(Records for processing Opens)

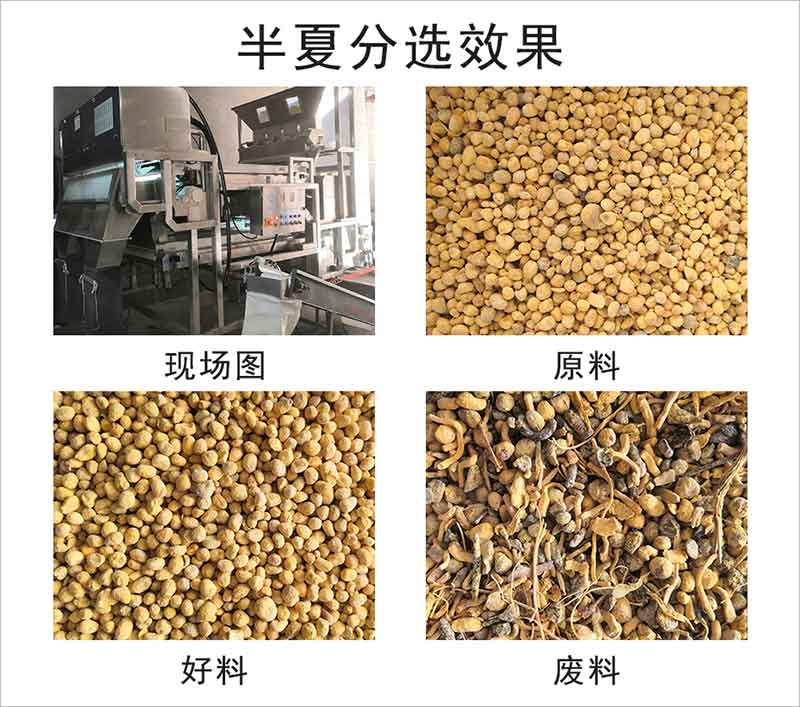圖片關鍵詞
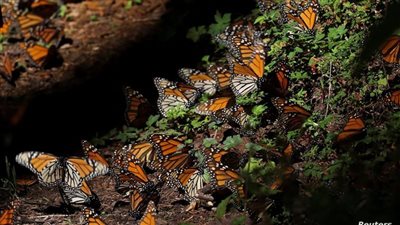 احفظ جمال الطبيعة.. حقائق مذهلة عن الفراشات الملونة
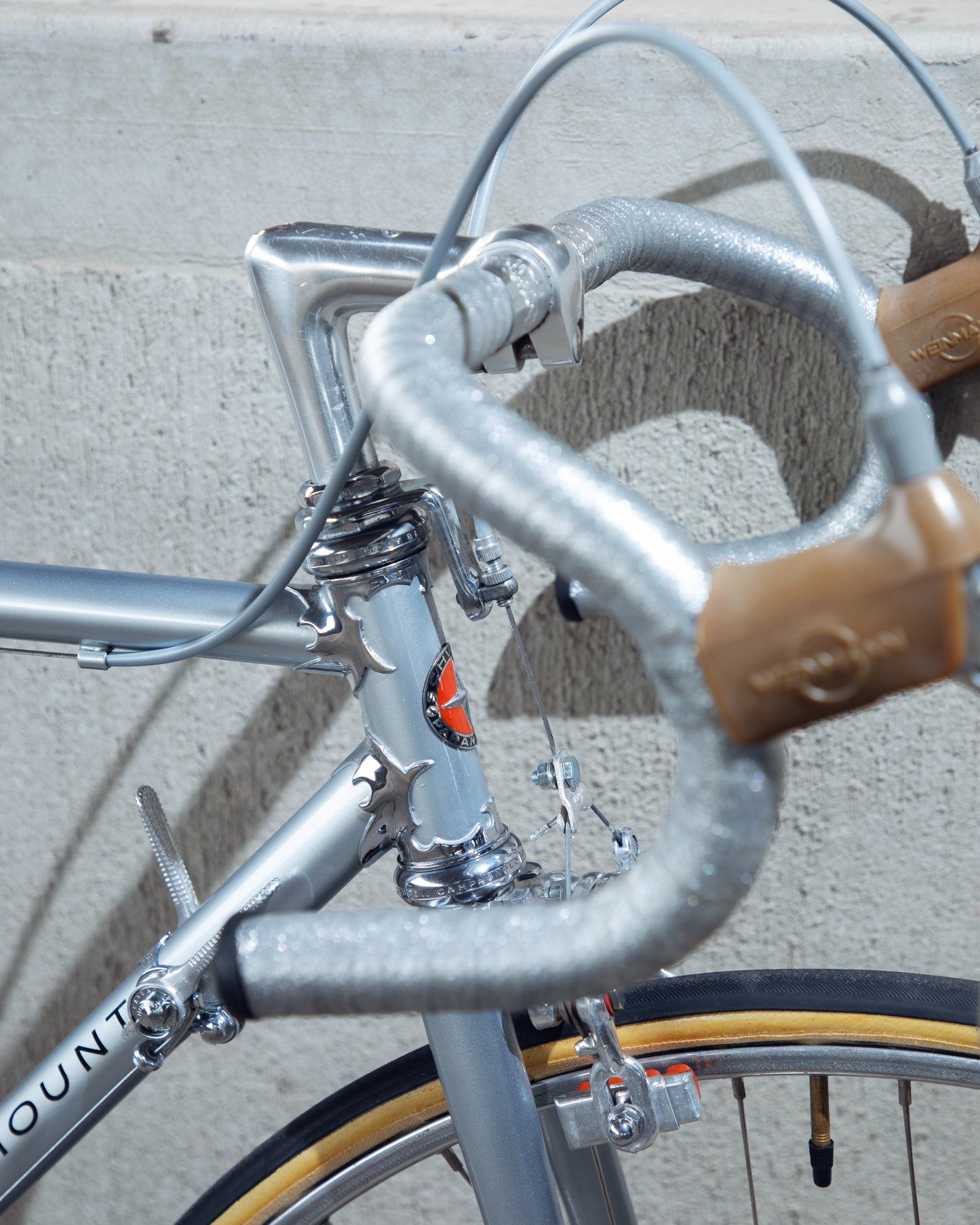 1973 Schwinn Paramount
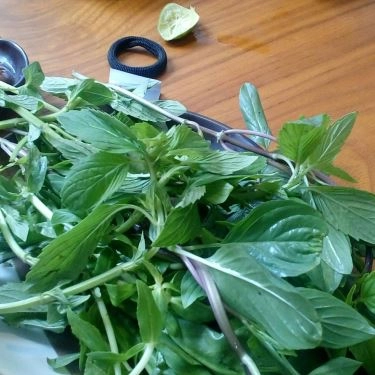 Tổng hợp- Quán Ăn Cửa Hàng Ẩm Thực - Sài Gòn Xanh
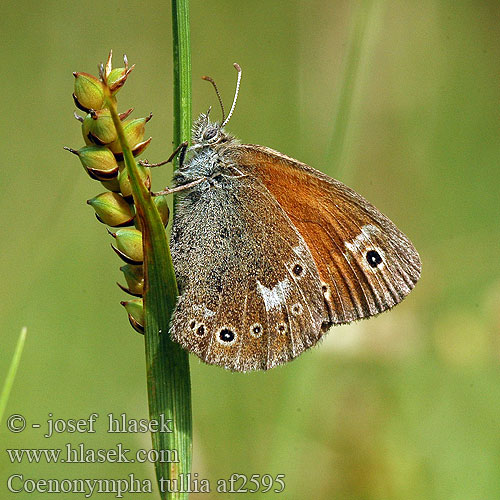 Coenonympha tullia Okáč stříbrooký Сенница туллия болотная торфяная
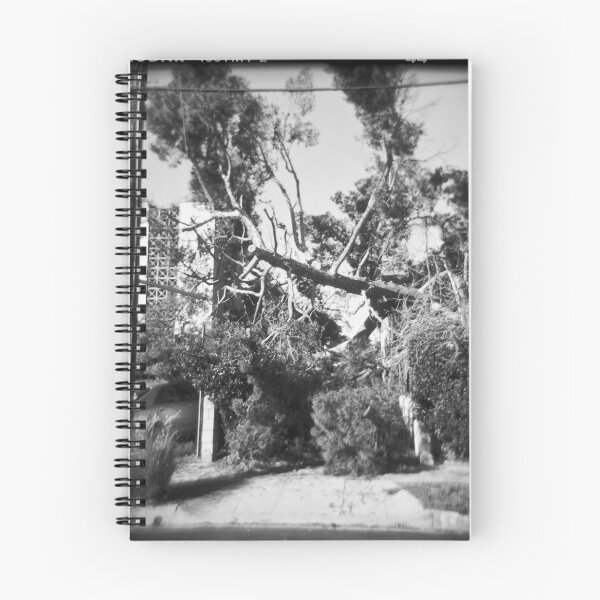 Aperçu de l'œuvre Si un arbre tombe à Los Feliz créée et vendue par joshsteich.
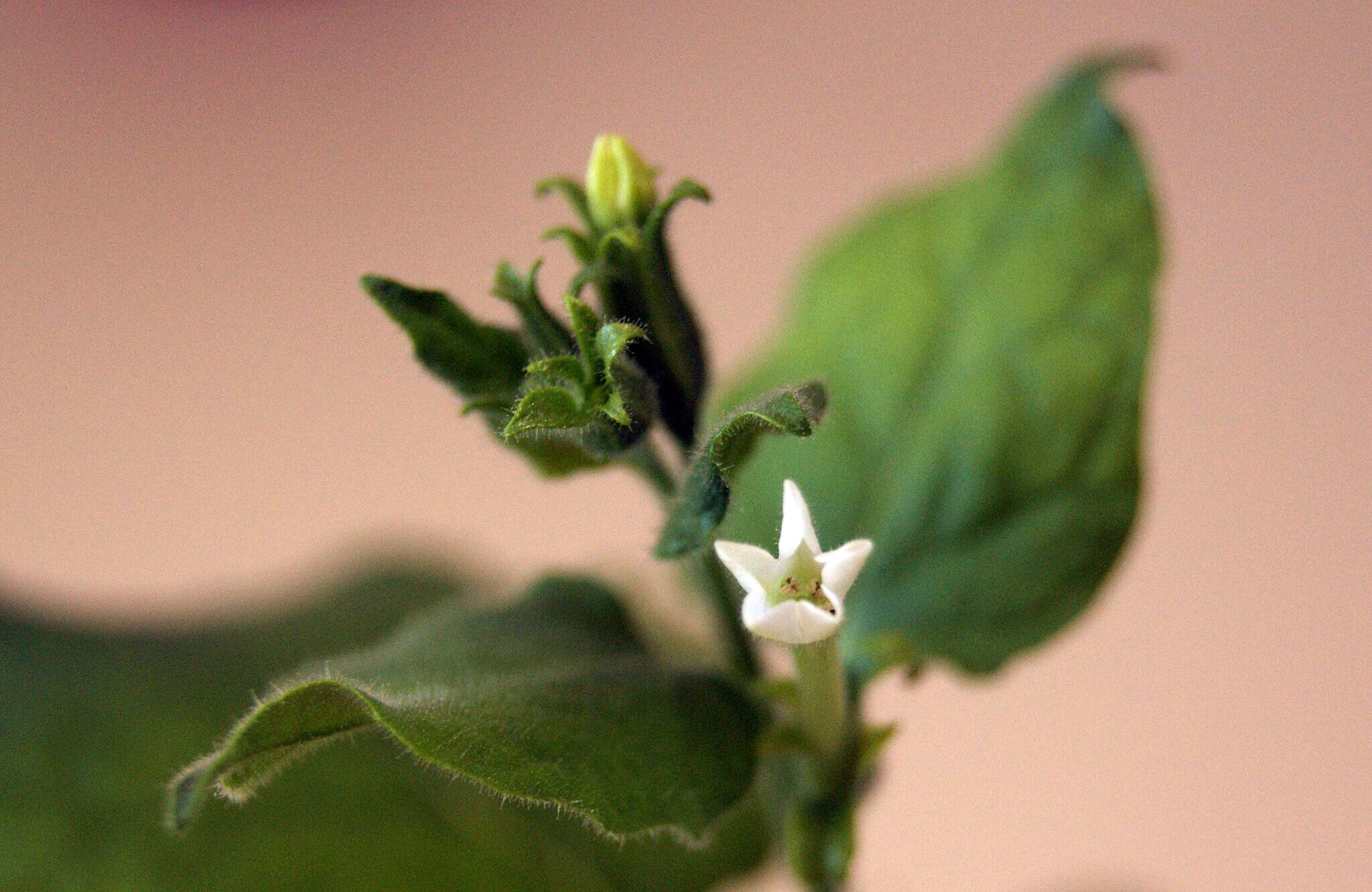 A close-up photo of a plant with a small white flower.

(Records for processing Closes)

* _Aim of the task_:
From the first line to the last, write out the data above exactly. Omit the pictures.

* _Output of the task_:
圖片關鍵詞
 احفظ جمال الطبيعة.. حقائق مذهلة عن الفراشات الملونة
 1973 Schwinn Paramount
 Tổng hợp- Quán Ăn Cửa Hàng Ẩm Thực - Sài Gòn Xanh
 Coenonympha tullia Okáč stříbrooký Сенница туллия болотная торфяная
 Aperçu de l'œuvre Si un arbre tombe à Los Feliz créée et vendue par joshsteich.
 A close-up photo of a plant with a small white flower.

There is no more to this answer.